Homebrew number two

May 5 is the eleventh anniversary of when Tom and I started dating. To celebrate that, Cinco de Mayo, and National Homebrew Day/Weekend, we collaborated on a beer together. Since I had Tom's partnership in this endeavor, we decided it would be fun to try an all-grain recipe. I was intrigued by a cool looking malt bill in an English Mild recipe I saw in Zymurgy, and started brainstorming around that. We ended up brewing the Mild recipe out of John Palmer's "Brewing Classic Styles" book, and I have a cunning plan to dryhop the Mild (which obviously makes it not a traditional style) with Simcoe hops. So it's like a British-American combination, much like Tom and myself.

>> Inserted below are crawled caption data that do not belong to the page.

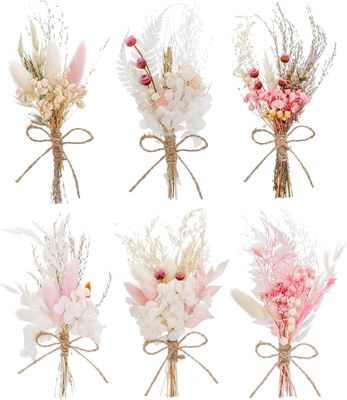 Heyu-Lotus Zestaw 6 mini bukietów suszonych kwiatów gypsophila, DIY.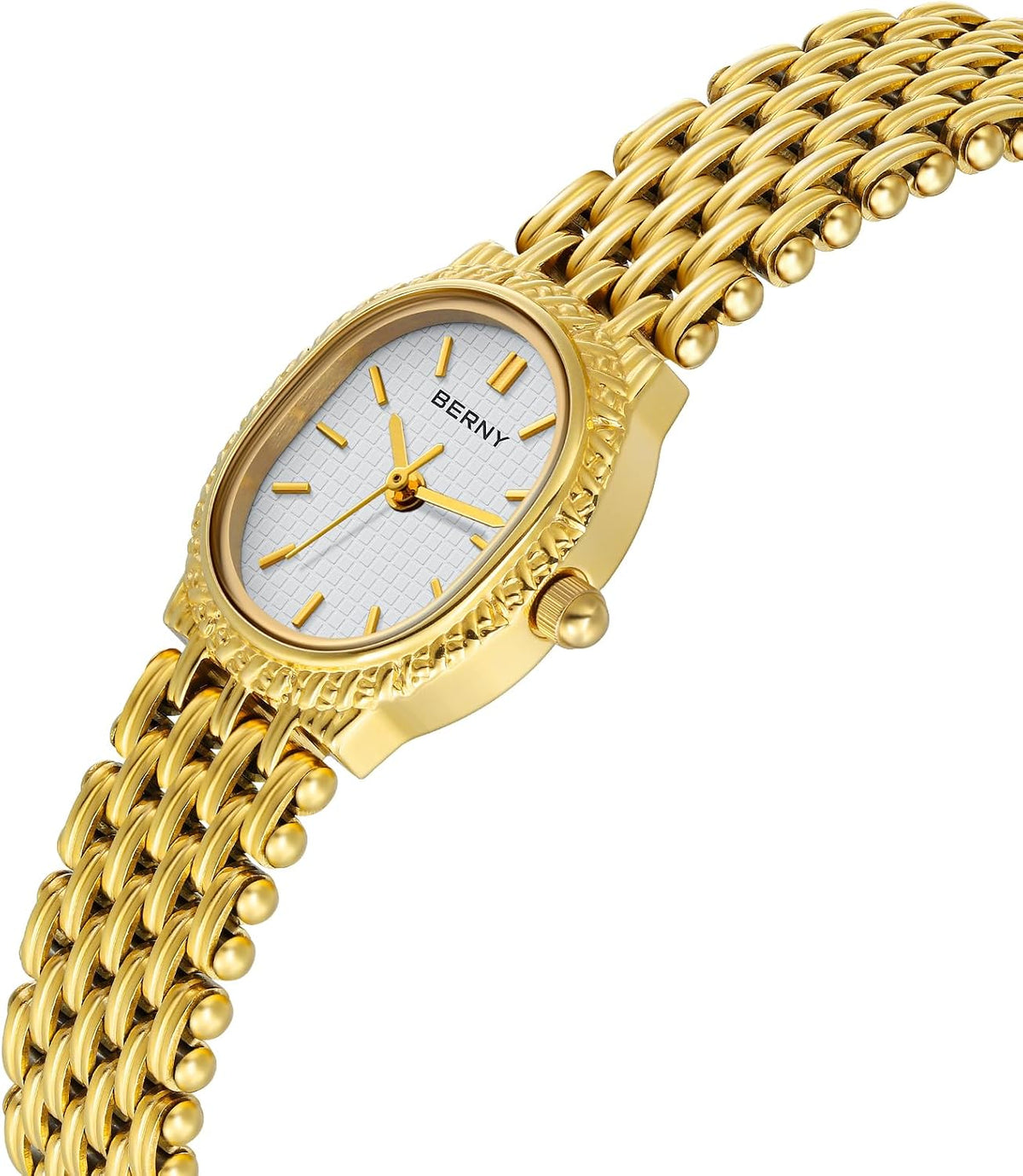 BERNY Relojes dorados para mujer, estilo vintage, reloj de pulsera de lujo, pequeño, ovalado, de cuarzo, con herramientas incluidas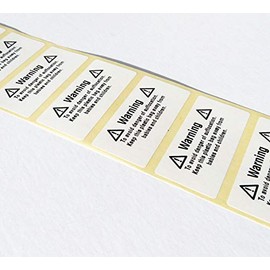 100 x Labels 25MM X 50MM Warning Suffocation Labels Danger Bags Stickers Child Safety AMZ012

Doing a mash and a batch sparge and vorlauf and all that stuff was pretty labor intensive, I kind of almost forgot everything I learned on my first brewday. However! It did all come back to me, more or less, with some gentle reminding. We went to Brewstock to acquire some Maris Otter, Crystal 60, Crystal 120, Pale Chocolate Malt, Black Patent Malt. Aaron was out for the day at Jazz Fest, but the folks there were super helpful and actually measured and crushed the grains for us. Got some Wyeast (liquid smackpack this time!) some Kent Golding for bittering and Simcoe for dryhopping, some sanitizer, and one of those adhesive thermostats so I can better monitor the fermentation temperature this time around.

Grains before the mashing

The general set up - mash tun on the left, brew/boil kettle on the right

Having a homebrew while homebrewing

Sparging!

Sparging some more...

From mash tun to...

... boil kettle

Brewing assistant/cellarcat

The Cooling of the Wort

Brew days are very exhausting!
The efficiency wasn't as great as one might hope - only at 68%. But hopefully we will still have a good beer at the end. I've rigged up a plastic container with some water and ice packs to keep it cool (in the 68 degree range) and Tom covered the fermentor with an old T-shirt to let evaporation do its thing all over it and keep things cool. I am hoping this will help with the issues I ran into with fermenting too warm last time.

I'm excited to see what happens! Hopefully, something generally delicious.